Money and Marriage

An important part of the wedding vows is “for richer or poorer” and we’d all prefer the former! But after the euphoria of the wedding day passes, many couples leave their financial management to chance with money often becoming a bone of contention as each has different goals and attitudes. It’s no accident that money features prominently in divorce courts.

It’s unlikely that anyone would vow on their wedding day “I will love and honour you, keep only one credit card and pay it off every month”, but seriously, couples need to develop their own financial vows. It’s not very romantic however this five-step guide can save a lot of heartache later on.

Step 1 - Prioritise

Agree on what is most important to you both – in broad terms there are not many choices. You could spend big on lifestyle. You could save to afford a house, children, retirement or some other goal. You could spend on your own personal development such as education. Once you’ve agreed on a list, give it a name (something original like “Our Money Plan”), write it down and post it on the fridge where you see it every day.

Step 2 - Know where your money goes

If you can’t measure it, you can’t manage it. However boring it may seem, you need to look at your spending and decide if it is consistent with your priorities. This can be easily done by regularly checking your bank statements.

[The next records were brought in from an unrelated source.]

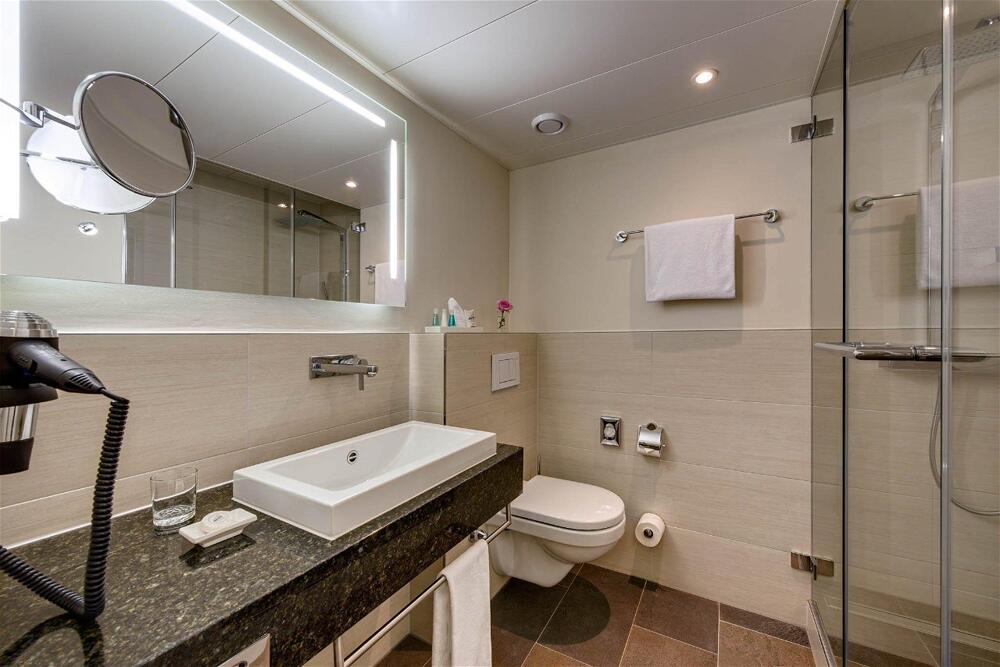Bathroom – Hotel St.Gotthard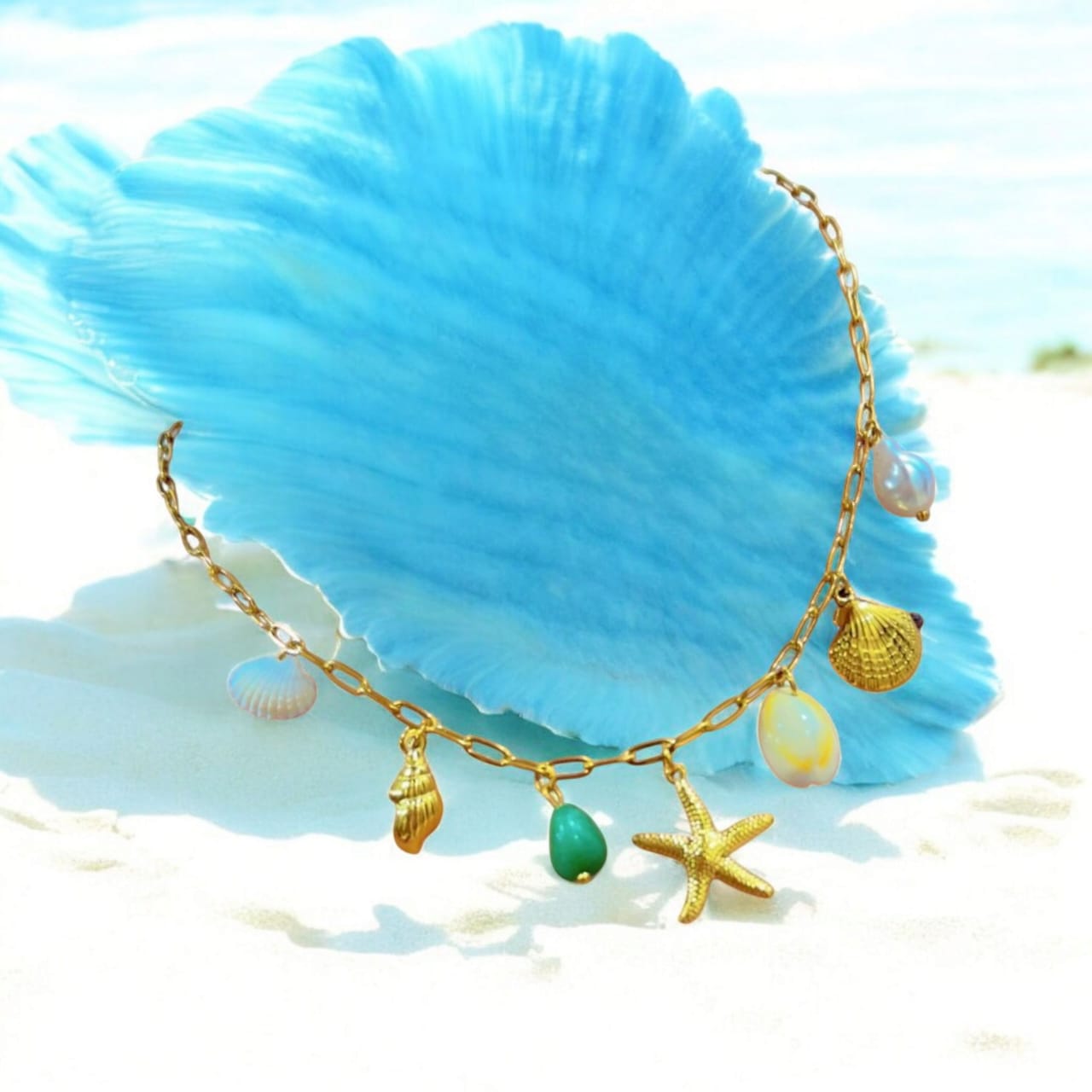 Beachwear Chain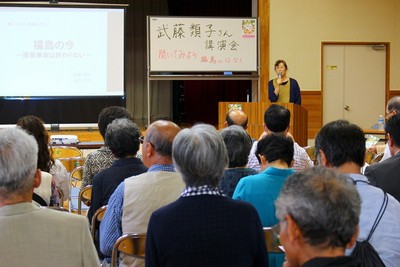 「福島の原発事故は終わっていない」と訴える武藤類子さん（中央）=9月27日、東海村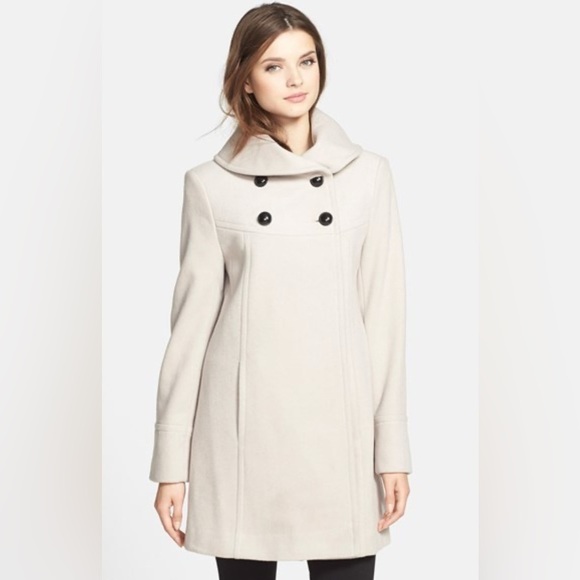 Larry Levine for Nordstroms Jackets & Blazers - Larry Levine (From Norstroms) Babydoll Blush Colored Coat Size 12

Step 3 - Don’t eat your money

Most cash spending goes on food, so if you ever wondered where that $100 you withdrew from the ATM only yesterday went – you probably ate it! Reduce impulsive food buying by eating before you shop so you’re not hungry and shopping once per week. One trip to the supermarket per week will also cut your petrol costs.

Step 4 - Shop wisely

When you are spending on larger items, think before you buy. Do you need the big brand name? Maybe yes on electrical goods but maybe not on new clothing. Comparison-shopping does make a difference and there are many organisations to help you find the best deals, particularly via the internet. You not only save time, but petrol.

Step 5 - Keep talking

Having a plan is no good unless you review it from time to time. This is a time to leave the boxing gloves off – because you will both make mistakes and maybe even cheat on your agreements. Your priorities will change over time and your Money Plan will change too. It’s important to agree on your goals, maintain good communication and keep your sense of humour.

Whilst these steps were written for newlyweds, they are just as appropriate for any couple, families, empty nesters and retirees... it’s never too late to start.